4. Investor Representations and Covenants
(a) The Investor has full legal capacity, power and authority to execute and deliver this Safe and to perform its obligations hereunder. This Safe constitutes valid and binding obligation of the Investor, enforceable in accordance with its terms, except as limited by bankruptcy, insolvency or other laws of general application relating to or affecting the enforcement of creditors’ rights generally and general principles of equity.

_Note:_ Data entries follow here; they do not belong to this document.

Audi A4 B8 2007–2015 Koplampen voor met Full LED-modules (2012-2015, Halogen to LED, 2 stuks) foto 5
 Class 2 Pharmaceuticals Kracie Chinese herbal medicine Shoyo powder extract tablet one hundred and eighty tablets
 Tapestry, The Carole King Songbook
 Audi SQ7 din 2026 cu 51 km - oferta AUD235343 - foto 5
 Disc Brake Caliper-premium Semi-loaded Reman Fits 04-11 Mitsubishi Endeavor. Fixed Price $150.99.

(b) The Investor is an accredited investor as such term is defined in Rule 501 of Regulation D under the Securities Act, and acknowledges and agrees that if not an accredited investor at the time of a Next Equity Financing, the Company may void this Safe and return the Purchase Amount. The Investor agrees to furnish any additional information requested by the Company or any of its affiliates to assure compliance with applicable U.S. federal and state laws, statutes, ordinances, rules, and regulations, including, but not limited to, such representations as the Company may reasonably request or that may be necessary, if applicable, to comply with all applicable securities laws, in connection with the purchase and sale of this Safe and the issuance of the securities to be acquired by the Investor. The Investor has been advised that this Safe and the underlying securities have not been registered under the Securities Act, or any state securities laws and, therefore, cannot be resold unless they are registered under the Securities Act and applicable state securities laws or unless an exemption from such registration requirements is available. The Investor is purchasing this Safe and the securities to be acquired by the Investor hereunder for its own account for investment, not as a nominee or agent, and not with a view to, or for resale in connection with, the distribution thereof, and the Investor has no present intention of selling, granting any participation in, or otherwise distributing the same. The Investor has such knowledge and experience in financial and business matters that the Investor is capable of evaluating the merits and risks of such investment, is able to incur a complete loss of such investment without impairing the Investor’s financial condition and is able to bear the economic risk of such investment for an indefinite period of time.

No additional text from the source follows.